Success is about adjusting when you get it wrong or when things do not go to plan!

In each of these three examples we made mistakes when formulating and implementing plans. An old cliché informs us that mistakes provide that opportunity to learn. In reality, there are many reasons why business continuity plans do not achieve their full penetration, whether it relates to the level of executive buy-in; the quality of plans; or community engagement. One of our key behavioural insights is that successful planning aligns to the culture and tone that is set by the institution and its capability to listen and act. We believe this is all about leaders connecting culturally to their communities and adapting their continuity plans when they are not working. They can do this in three ways: firstly, by asking for and taking advice from others (both outside experts and their own teams); secondly, by standing-back and slowing down, regrouping when it appears that the direction is wrong and never blaming others; and thirdly, they take the time to periodically pause, reflect, and adjust their plans. These attributes have been critical in how institutions have successfully responded to COVID-19.

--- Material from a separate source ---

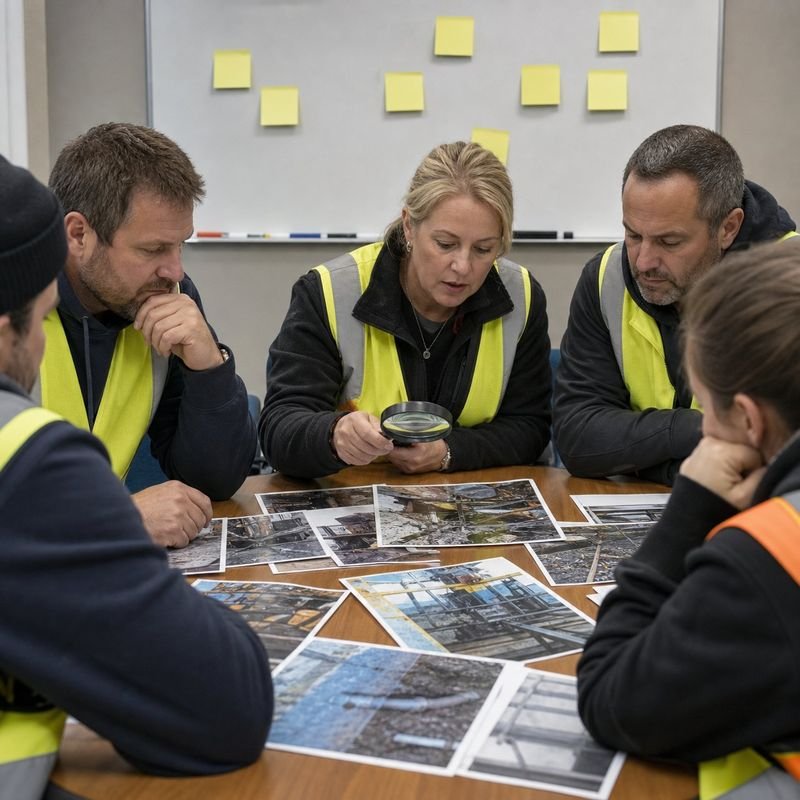 Incident Investigation and Root Cause Analysis
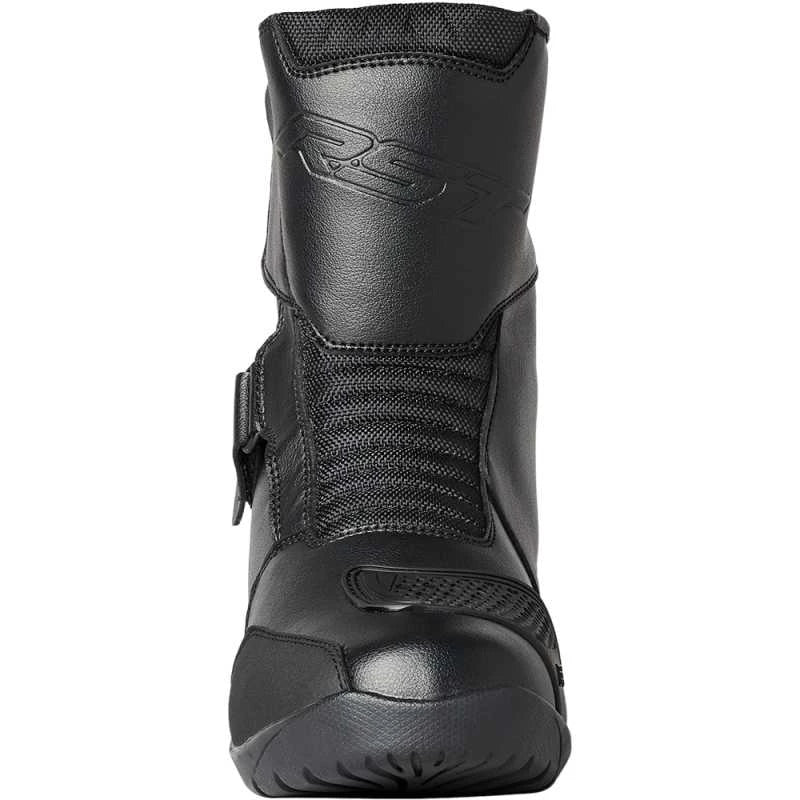 RST AXIOM MID CE WP LADIES BOOTS - BLACK MONZA IMPORTS sold by Cully's Yamaha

Business continuity needs to be fun to be effective

Our initial conversations with institutions often draw glazed eyes when discussing continuity planning with staff and leaders. Some people react instinctively against what they perceive as pointless bureaucracy and documentation; others argue that the sort of disruptive scenarios that business continuity can mitigate will never happen here, and if it does happen, the institution will successfully respond and tackle it, as it always does! COVID-19 has hopefully dispelled this myth!

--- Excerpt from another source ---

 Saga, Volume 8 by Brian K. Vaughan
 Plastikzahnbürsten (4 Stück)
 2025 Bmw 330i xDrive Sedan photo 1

We have found that the most important ingredient for successful continuity planning is people having fun in the process of this serious and important exercise. Getting students in Australia to put forward potential incident scenarios to senior management that they are concerned about; having conversations with African elders on alternate ways to cope with flood and power outages; and providing live daily interactive discussions across UK Research Councils means that everyone’s voice is heard, using positive channels to have fun and promote strong engagement. Such approaches, enable institutions to move at pace and scale with their plans, rather than exclusively focusing on issuing policy directives. Inviting and exposing staff to external people helps staff reflect in such exercises, providing meaningful challenge and support. Such exercises bring continuity alive rather than provide a mechanical process.

Closing reflections

COVID-19 has brought both positive and negative impacts on how we work and live our lives. While there is no panacea, we can guarantee that different business continuity scenarios will land on our desk at some time in the future, we do not know what or when; but we do know how important people will be, as and when we have to respond. We hope that these behavioural insights can help us all to be more effective in mobilising and empowering people to support continuity planning; we also hope that some of these observations might trigger your own personal reflections, at present and in the future.

The authors

Patrick Roberts is a Director of Cambridge Risk Solutions Ltd
Peter Noble is the Chief Operating Officer of Newcastle Health Innovation Partners

Patrick and Peter have jointly tackled business continuity projects of varying size and complexity across the world.